Task item: Using the material below, print a verbatim copy of every line from the one containing "パルティール小曽根 リビング" through the one containing "Condominio en alquiler", inclusive, and omit the pictures.

** Data records follows **

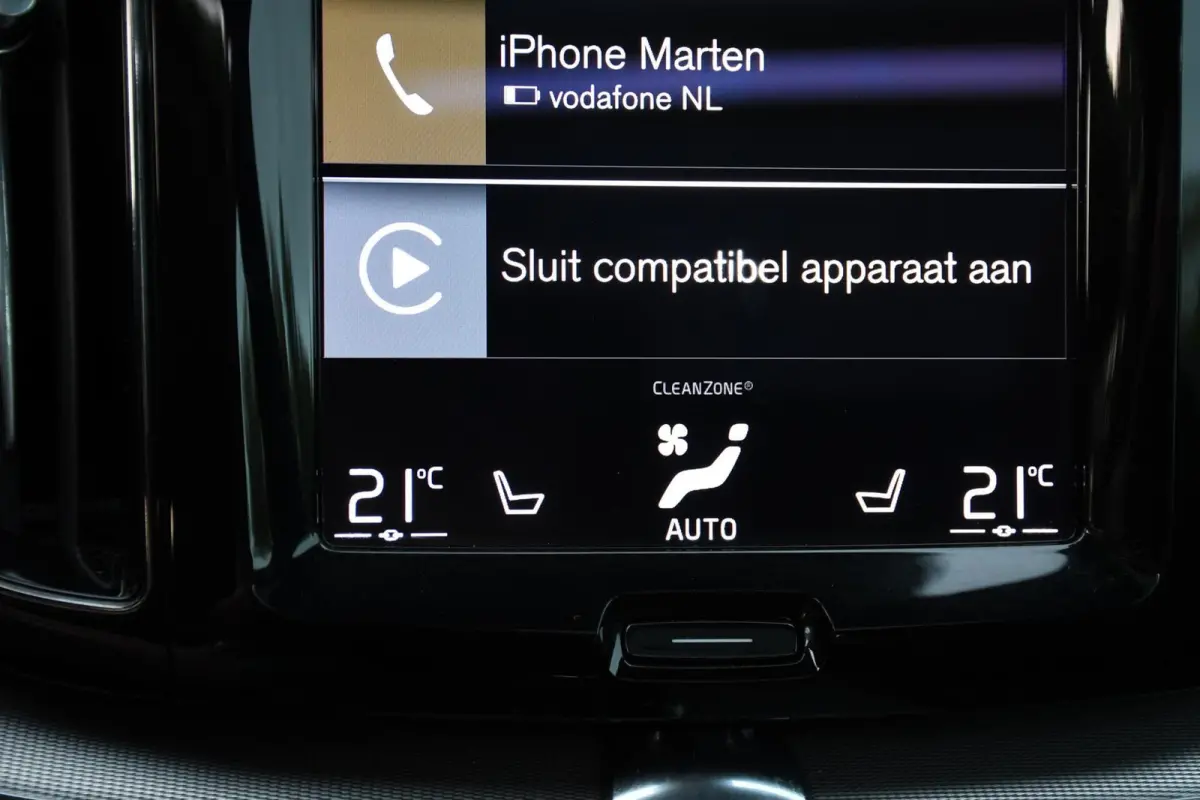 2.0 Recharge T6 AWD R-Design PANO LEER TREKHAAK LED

** End of Data records **
** Data records follows **

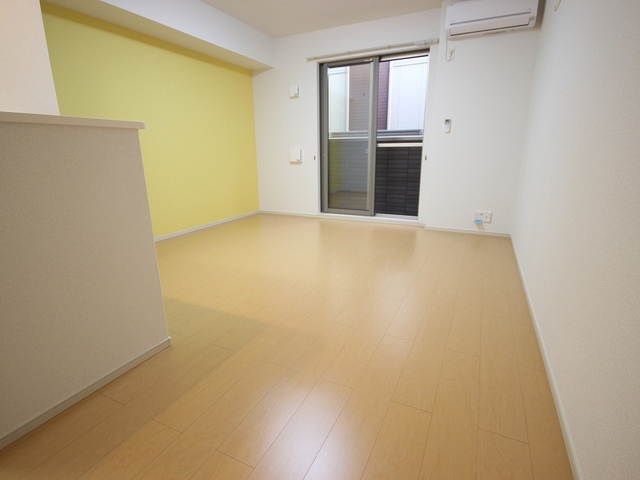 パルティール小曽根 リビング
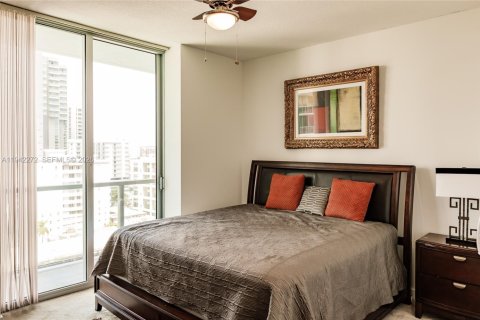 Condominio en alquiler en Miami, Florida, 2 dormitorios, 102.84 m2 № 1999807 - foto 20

** End of Data records **

Answer area:
 パルティール小曽根 リビング
 Condominio en alquiler en Miami, Florida, 2 dormitorios, 102.84 m2 № 1999807 - foto 20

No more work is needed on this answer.